Vor einiger Zeit erreichte mich eine E-Mail eines ehemaligen Referendars, in der er schilderte, dass er seinen Elan aus dem Referendariat noch immer hochhalten könne, er jedoch ein Phänomen bei seinen Klassen entdeckt habe, für das er noch keine Lösung habe.
Die Schülerinnen und Schüler sind in der Einführungstunde1zu einem neuen Thema in der Regel hoch motiviert und arbeiten gut und interessiert mit. In den folgenden Stunden sinkt diese Motivation der Schülerinnen und Schüler dann leider auf ein Minimum. Die Frage nach dem Hochhalten der Arbeitsbereitschaft der Schülerinnen und Schüler stand im Raum.
Um mich dem Thema zu nähern, möchte ich zunächst eine Beobachtung schildern, die ich in meinem täglichen Geschäft erkannt habe und als These so klingt:
Dem Einstieg einer Unterrichtseinheit wird eine verhältnismäßig große Aufmerksamkeit geschenkt, ohne den langfristigen Lernerfolg der Schülerinnen und Schüler im Auge zu haben.
Meine Beobachtungen
Man sieht häufig Stunden die mit einem medialen oder gedanklichen Knall beginnen. Probleme werden aufgeworfen, Phänomene aufgezeigt, Situationen aus dem Alltag beschrieben, szenische Spiele2 veranstaltet, Videos gezeigt und und und…
Dieser Knalleffekt ist häufig nicht mehr als der Name vermuten lässt: Ein Knall, eine Bombe und dann – Stille. Ein Bombeneinstieg und dann: Unterricht nach Plan.

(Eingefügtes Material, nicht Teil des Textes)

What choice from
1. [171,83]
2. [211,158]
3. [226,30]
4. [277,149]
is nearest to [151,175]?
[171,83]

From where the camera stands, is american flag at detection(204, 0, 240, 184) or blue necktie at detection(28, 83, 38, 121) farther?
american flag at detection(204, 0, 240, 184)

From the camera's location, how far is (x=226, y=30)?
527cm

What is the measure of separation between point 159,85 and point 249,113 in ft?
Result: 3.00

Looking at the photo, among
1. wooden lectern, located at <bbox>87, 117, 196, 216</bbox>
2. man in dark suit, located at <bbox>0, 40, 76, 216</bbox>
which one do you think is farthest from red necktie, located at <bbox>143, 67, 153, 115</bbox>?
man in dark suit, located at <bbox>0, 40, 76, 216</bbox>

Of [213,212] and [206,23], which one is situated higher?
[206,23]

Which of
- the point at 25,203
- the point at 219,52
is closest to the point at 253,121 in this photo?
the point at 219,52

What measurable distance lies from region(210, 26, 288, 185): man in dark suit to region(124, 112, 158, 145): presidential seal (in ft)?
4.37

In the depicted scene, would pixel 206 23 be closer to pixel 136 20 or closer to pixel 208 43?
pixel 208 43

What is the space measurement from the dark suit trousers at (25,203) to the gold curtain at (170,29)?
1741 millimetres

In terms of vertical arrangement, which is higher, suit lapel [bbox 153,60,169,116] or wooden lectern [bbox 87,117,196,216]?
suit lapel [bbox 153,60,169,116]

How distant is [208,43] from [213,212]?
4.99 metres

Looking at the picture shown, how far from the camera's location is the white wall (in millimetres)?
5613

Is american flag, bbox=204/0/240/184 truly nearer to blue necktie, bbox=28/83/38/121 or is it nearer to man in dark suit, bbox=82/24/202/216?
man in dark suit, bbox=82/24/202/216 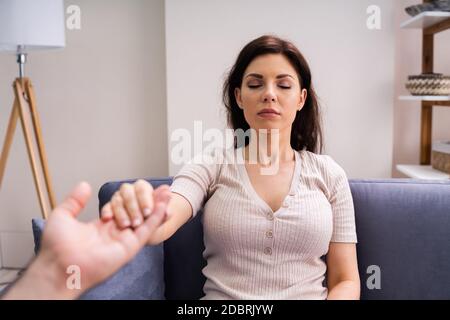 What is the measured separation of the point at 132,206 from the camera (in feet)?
2.18

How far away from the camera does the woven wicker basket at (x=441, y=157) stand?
74.7 inches

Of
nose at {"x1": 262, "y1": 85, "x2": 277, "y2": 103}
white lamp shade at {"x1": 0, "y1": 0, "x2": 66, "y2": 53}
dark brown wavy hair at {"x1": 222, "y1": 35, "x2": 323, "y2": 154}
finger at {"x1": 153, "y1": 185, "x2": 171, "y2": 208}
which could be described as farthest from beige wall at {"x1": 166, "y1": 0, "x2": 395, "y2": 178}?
finger at {"x1": 153, "y1": 185, "x2": 171, "y2": 208}

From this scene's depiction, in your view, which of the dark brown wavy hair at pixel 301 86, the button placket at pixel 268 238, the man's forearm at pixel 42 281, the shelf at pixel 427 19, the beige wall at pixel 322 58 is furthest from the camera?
the beige wall at pixel 322 58

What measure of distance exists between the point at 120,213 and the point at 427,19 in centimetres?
174

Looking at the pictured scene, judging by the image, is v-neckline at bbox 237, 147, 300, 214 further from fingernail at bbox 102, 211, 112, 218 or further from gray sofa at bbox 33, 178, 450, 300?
fingernail at bbox 102, 211, 112, 218

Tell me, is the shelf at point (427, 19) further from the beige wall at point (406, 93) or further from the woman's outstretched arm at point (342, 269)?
the woman's outstretched arm at point (342, 269)

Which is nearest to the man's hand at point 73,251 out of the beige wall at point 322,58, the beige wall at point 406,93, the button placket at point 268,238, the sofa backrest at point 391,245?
the button placket at point 268,238

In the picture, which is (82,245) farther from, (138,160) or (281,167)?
(138,160)

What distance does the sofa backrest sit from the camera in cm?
123

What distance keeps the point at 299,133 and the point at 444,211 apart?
46cm

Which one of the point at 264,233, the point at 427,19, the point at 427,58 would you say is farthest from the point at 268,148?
the point at 427,58

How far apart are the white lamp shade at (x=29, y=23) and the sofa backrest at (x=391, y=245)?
0.93 metres

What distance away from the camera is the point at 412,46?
2.28m

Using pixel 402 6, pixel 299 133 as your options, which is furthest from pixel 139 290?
pixel 402 6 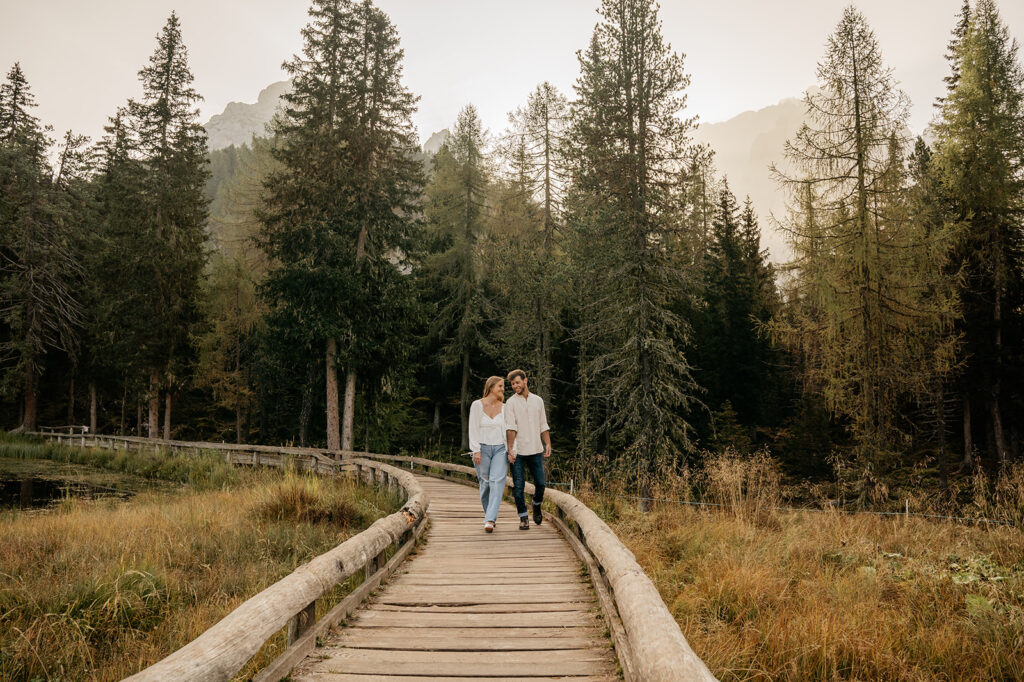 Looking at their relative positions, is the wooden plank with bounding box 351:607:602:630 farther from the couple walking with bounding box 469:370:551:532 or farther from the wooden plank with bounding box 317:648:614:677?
the couple walking with bounding box 469:370:551:532

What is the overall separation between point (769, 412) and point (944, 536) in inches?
1069

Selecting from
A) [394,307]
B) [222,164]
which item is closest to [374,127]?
[394,307]

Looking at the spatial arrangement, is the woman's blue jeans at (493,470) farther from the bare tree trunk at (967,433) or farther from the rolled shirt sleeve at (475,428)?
the bare tree trunk at (967,433)

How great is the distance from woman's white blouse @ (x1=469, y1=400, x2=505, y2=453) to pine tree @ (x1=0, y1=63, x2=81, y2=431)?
28.1 metres

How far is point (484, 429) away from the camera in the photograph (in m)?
8.03

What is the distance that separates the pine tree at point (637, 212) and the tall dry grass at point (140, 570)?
8.70 meters

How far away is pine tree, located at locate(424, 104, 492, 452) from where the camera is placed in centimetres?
3114

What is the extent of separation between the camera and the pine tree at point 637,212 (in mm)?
17297

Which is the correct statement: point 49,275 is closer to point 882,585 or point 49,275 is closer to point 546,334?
point 546,334

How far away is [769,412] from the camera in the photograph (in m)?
34.1

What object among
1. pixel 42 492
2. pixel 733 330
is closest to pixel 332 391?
pixel 42 492

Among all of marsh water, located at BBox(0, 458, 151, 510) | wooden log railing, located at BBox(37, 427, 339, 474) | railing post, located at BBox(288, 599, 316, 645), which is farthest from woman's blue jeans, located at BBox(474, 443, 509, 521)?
marsh water, located at BBox(0, 458, 151, 510)

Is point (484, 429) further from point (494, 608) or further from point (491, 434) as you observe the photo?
point (494, 608)

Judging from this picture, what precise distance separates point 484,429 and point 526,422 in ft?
2.07
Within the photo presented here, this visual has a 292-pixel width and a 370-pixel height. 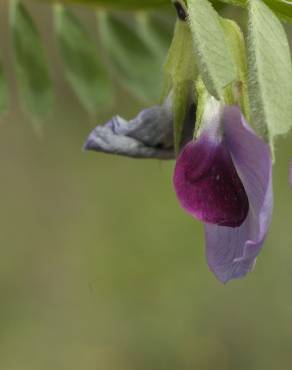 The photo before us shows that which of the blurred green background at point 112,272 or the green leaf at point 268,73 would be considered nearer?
the green leaf at point 268,73

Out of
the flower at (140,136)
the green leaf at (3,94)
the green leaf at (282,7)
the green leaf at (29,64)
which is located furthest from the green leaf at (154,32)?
the green leaf at (282,7)

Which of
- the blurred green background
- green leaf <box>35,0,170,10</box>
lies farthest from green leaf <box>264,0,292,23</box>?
the blurred green background

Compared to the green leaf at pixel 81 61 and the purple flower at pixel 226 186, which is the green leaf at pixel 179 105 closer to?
the purple flower at pixel 226 186

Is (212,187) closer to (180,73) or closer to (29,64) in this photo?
(180,73)

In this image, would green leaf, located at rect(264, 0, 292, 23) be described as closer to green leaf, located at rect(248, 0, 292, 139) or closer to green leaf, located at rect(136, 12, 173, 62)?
green leaf, located at rect(248, 0, 292, 139)

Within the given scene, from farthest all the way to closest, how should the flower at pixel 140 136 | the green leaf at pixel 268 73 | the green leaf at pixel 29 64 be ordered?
the green leaf at pixel 29 64 < the flower at pixel 140 136 < the green leaf at pixel 268 73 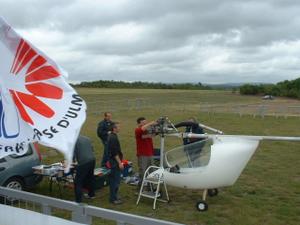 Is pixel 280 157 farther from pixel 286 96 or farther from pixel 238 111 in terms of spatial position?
pixel 286 96

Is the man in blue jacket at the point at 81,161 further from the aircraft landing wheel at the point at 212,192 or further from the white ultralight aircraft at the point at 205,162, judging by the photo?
the aircraft landing wheel at the point at 212,192

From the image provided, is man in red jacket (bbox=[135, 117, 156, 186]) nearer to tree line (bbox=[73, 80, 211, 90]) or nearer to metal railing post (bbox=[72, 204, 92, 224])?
metal railing post (bbox=[72, 204, 92, 224])

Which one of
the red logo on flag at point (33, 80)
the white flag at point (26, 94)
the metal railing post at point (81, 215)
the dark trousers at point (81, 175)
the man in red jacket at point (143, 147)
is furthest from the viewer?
the man in red jacket at point (143, 147)

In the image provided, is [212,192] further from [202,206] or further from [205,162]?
[205,162]

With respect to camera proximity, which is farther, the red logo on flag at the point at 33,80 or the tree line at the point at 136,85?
the tree line at the point at 136,85

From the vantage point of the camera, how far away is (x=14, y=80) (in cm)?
550

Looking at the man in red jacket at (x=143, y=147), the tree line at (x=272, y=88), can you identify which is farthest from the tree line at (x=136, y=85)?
the man in red jacket at (x=143, y=147)

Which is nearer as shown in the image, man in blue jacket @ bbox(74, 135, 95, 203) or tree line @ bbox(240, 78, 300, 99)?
man in blue jacket @ bbox(74, 135, 95, 203)

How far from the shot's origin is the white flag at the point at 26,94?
5.20 m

Sicherlich guter Unterricht, aber eben nicht so interessant, wie der bomb(en)astische Einstieg.
Im alltäglichen Geschäft geht es aber gerade um die Zeit, in der hier die Stille herrscht. Es geht darum, die Schülerinnen und Schüler am Thema zu halten und dieses interessant erscheinen zu lassen. Doch diese Diskussion scheint es in der Tat nur sehr selten zu geben:
- Wie halten wir die Schülerinnen und Schüler bei der Stange?
- Wir erreichen wir einen Weg, des Lernens, der gerne oder wenigstens ohne Widerstand beschritten werden kann.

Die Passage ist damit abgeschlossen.